Love Poems to GOd

For baritone voice and violoncello, Love Poems to God is a setting of two selections from R.M. Rilke’s Book of Hours which is subtitled, “Love Poems to God.” The Book of Hours is a collection of poems by Rilke that is in three “books”: the Book of Monastic Life, the Book of Pilgrimage, and the Book of Poverty and Death.
This composition is just two poems, one from the Book of Monastic Life, and one from the Book of Pilgrimage. In both instances I felt that Rilke is contemplating aloud, or in writing, his own mortality, his morality, and his humanity.

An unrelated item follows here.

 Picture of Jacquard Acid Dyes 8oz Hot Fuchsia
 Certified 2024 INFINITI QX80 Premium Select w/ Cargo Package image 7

This piece was written in collaboration with the commissioners, Hannah Gallagher and Joel Balzun for whom it is also dedicated.

(I. Monastic Life)
I live my life in widening circles
that reach out across the world.
I may not complete this last one
but I give myself to it.

I circle around God
around the primordial tower.
I've been circling for thousands of years
and I still don't know: am I a falcon,
a storm or a great song?
I, 2

(II. Pilgrimage)
I am praying again, Awesome One.

You hear me again, as words
from the depths of me
rush toward you in the wind.

I've been scattered in pieces,
torn by conflict,
mocked by laughter,
washed down in drink.

In alleyways I sweep myself up
out of garbage and broken glass.
With my half mouth I stammer you,
who are eternal in your symmetry.
I lift to you my half-hands
in wordless beseeching, that I may find again
the eyes with which I once beheld you.

I am a house gutted by fire
where only the guilty sometimes sleep
before the punishment that devours them
hounds them out into the open.

I am a city by the sea
sinking into a toxic tide.
I am strange to myself, as though someone unknown
had poisoned my mother as she carried me.

It's here in all the pieces of my shame
that now I find myself again.
I yearn to belong to something,
to be contained in an all-embracing mind that sees me
as a single thing.
I yearn to be held in the great hands of your heart-
oh let them take me now.

Into them I place these fragments, my life,
and you, God - spend them however you want.